También le había valido reconocimiento en forma de admiración por parte de sus
compañeros y en forma de medalla, tras salvar a varias personas de un incendio
poniendo en alto riesgo su vida. Había salido en la portada de una revista de
tirada nacional y en varias entrevistas en informativos televisivos. Por la
calle la gente lo saludaba reconociéndolo y algunos se acercaban para hacerse
un selfie.
Así
que tras escuchar los consejos, casi órdenes de la policía, se internó en el
edificio.
Ahora,
mientras se le escapaba la vida y pensaba la de proyectos que le quedaban por
hacer, se preguntó si había valido la pena. Si el honor valía una vida o si lo
más importante era eso: vivir. Finalmente se decantó por esta última
afirmación. Sentía que le dolía pensarlo, pero tan cerca del final se llamó
estúpido por haber entrado en aquel edificio, por amor propio, por cuestión de
honor, por amor al prójimo.
¡Lo
que daría por un día más de vida!
Cerró
los ojos. De repente, el aire enrarecido que respiraba cambió por otro más
fresco y limpio.

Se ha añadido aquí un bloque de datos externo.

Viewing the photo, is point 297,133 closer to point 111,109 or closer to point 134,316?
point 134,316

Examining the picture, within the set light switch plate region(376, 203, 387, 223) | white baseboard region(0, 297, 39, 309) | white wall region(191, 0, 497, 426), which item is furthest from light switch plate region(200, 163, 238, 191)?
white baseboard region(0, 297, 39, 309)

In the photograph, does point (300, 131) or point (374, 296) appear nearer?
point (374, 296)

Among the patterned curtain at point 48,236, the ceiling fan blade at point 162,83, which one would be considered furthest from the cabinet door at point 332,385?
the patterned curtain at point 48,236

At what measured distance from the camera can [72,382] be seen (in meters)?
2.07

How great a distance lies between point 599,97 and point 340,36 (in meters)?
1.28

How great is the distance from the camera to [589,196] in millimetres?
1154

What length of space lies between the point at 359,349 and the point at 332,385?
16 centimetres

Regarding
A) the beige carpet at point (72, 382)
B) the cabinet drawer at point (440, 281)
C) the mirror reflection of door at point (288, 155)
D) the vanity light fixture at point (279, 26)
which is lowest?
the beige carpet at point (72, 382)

Dejó de sentir dolor, pensó que ya había muerto.
Abrió
los ojos y se encontró frente a un policía que le decía que entrar en aquel lugar
era una locura.
No
lo entendía.
Desde
detrás, una mano agarró su brazo y tiró de él. Era uno de sus compañeros.
-Déjalo
para los héroes- le aconsejó- Hagamos lo de siempre: preocuparnos por nuestra
seguridad primero.
No
lo entendía.
Pero
decidió no entrar, permanecer fuera del peligro… como había hecho siempre.
En
ese momento gran parte del edificio se vino abajo. Suspiró con alivio y se
alegró de no haber hecho lo que había ¿soñado?
Al
terminar el turno, volvió andando a casa. Le extrañó que nadie se le acercara,
pero entonces se dio cuenta que él no era nadie, aunque había soñado que era un
héroe. Suspiró, sonrió y se dispuso a vivir un día más. Salió a cenar con su mujer,
después fueron a tomar unas copas y, al volver a casa, hizo el amor de una
forma tan apasionada que a su mujer se le escapó una pequeña carcajada de
asombro.
Por
la mañana se levantó temprano. DISFRUTÓ de un contundente desayuno y salió a
pasear. Pensó en ponerse las zapatillas de deporte, pero hacía tanto tiempo que
no corría que la idea le pareció absurda.
Pasó
el día realizando tareas que había ido posponiendo.
Al
caer la tarde recordó que el día anterior, a esa hora había estado a punto de
entrar en un edificio que colapsó acto seguido y en el que hubiese muerto como
había soñado/pensado/imaginado.
De
repente, se encontró en un lugar extrañamente desconocido.
No
lo entendía. Y, entonces, lo entendió todo. Había cambiado sus valores y sus
logros por un día más de vida… y ese día había expirado, como su vida, hacía
unos instantes.
Había
muerto y ya nadie lo recordaría, al menos, más haya del recuerdo de los seres
más próximos. No había dejado huella alguna. Intentó recordar un momento por el
que se sintiera orgulloso y no encontró ninguno. No había hecho nada que
mereciese la pena. Ni siquiera había vivido de acuerdo a sus principios a los
que había renunciado por interés, cobardía o simple desgana.
Tragó
saliva y le pareció amarga. Se avergonzó de si mismo.
Una
lágrima se escapó de sus ojos y mientras recorría sus mejillas se juró que
hubiese cambiado media vida por un instante de gloria.
En el instante de morir
cambiaríamos nuestros momentos de gloria que han dado sentido a nuestra
existencia por un minuto más de vida, pero al acabar ese minuto, nos
arrepentiríamos de haber cambiado el sentido de nuestra vida por un minuto
anodino, por haber cambiado un minuto más por una vida que haya merecido vivir.
Ese es el dilema en el
que nos movemos, mientras no seamos capaces de vencer la muerte: aferrarnos a
la vida renunciado a lo demás o morir por un principio.